» Assignment
Set each record down exactly, excluding all images.

» Data records
-*-
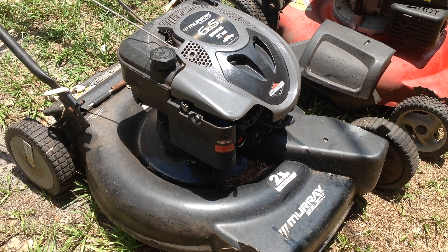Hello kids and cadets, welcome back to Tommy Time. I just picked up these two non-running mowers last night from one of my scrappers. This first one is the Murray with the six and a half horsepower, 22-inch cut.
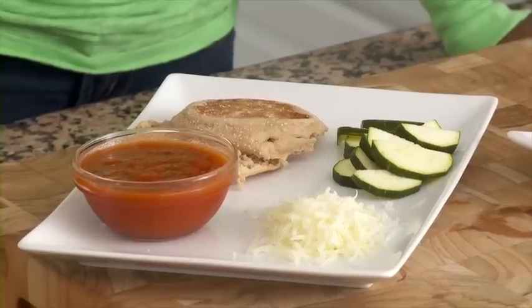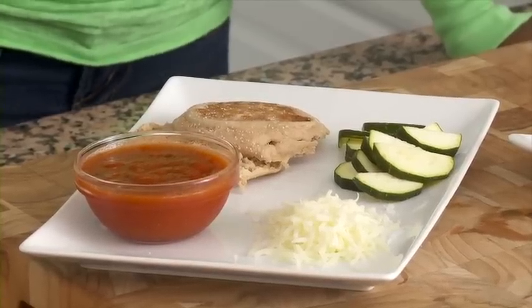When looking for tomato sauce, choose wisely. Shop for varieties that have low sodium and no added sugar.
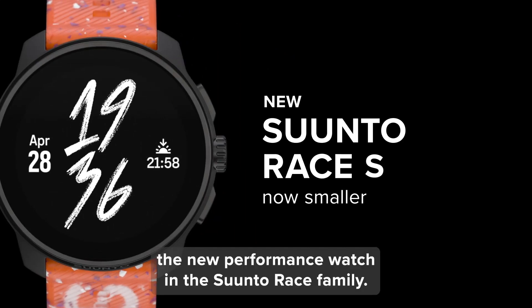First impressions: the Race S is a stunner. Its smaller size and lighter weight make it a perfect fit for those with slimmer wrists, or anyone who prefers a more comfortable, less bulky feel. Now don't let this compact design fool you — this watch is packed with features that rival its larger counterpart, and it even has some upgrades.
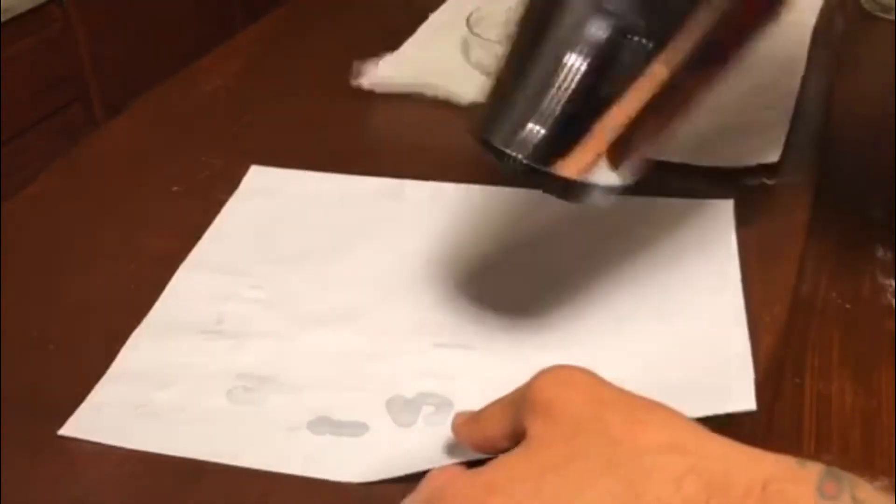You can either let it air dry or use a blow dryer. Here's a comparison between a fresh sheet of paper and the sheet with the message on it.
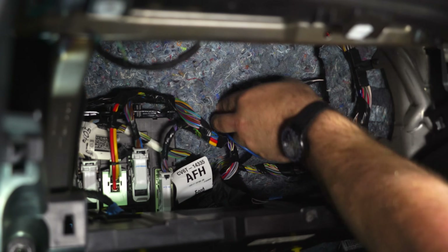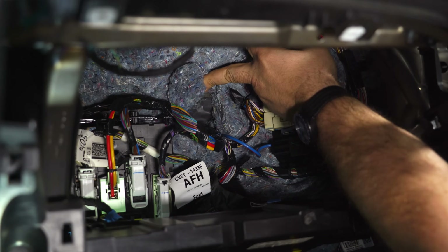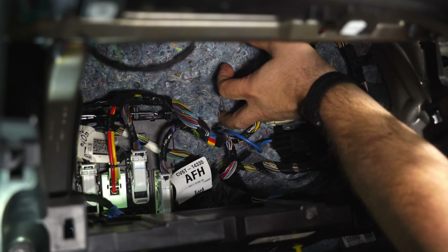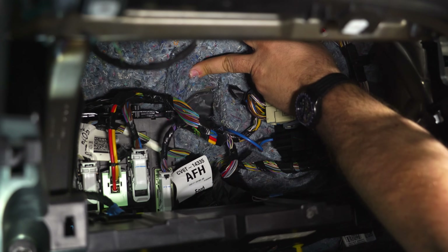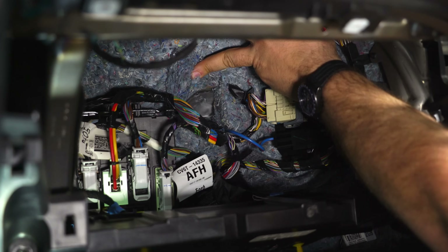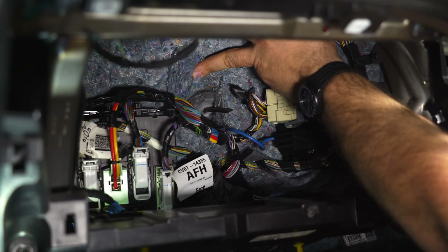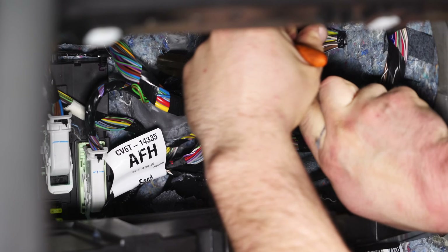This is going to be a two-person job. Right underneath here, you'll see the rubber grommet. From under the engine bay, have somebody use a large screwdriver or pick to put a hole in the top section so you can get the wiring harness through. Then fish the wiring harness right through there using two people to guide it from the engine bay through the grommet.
-*-
» Task solution
Hello kids and cadets, welcome back to Tommy Time. I just picked up these two non-running mowers last night from one of my scrappers. This first one is the Murray with the six and a half horsepower, 22-inch cut.
When looking for tomato sauce, choose wisely. Shop for varieties that have low sodium and no added sugar.
First impressions: the Race S is a stunner. Its smaller size and lighter weight make it a perfect fit for those with slimmer wrists, or anyone who prefers a more comfortable, less bulky feel. Now don't let this compact design fool you — this watch is packed with features that rival its larger counterpart, and it even has some upgrades.
You can either let it air dry or use a blow dryer. Here's a comparison between a fresh sheet of paper and the sheet with the message on it.
This is going to be a two-person job. Right underneath here, you'll see the rubber grommet. From under the engine bay, have somebody use a large screwdriver or pick to put a hole in the top section so you can get the wiring harness through. Then fish the wiring harness right through there using two people to guide it from the engine bay through the grommet.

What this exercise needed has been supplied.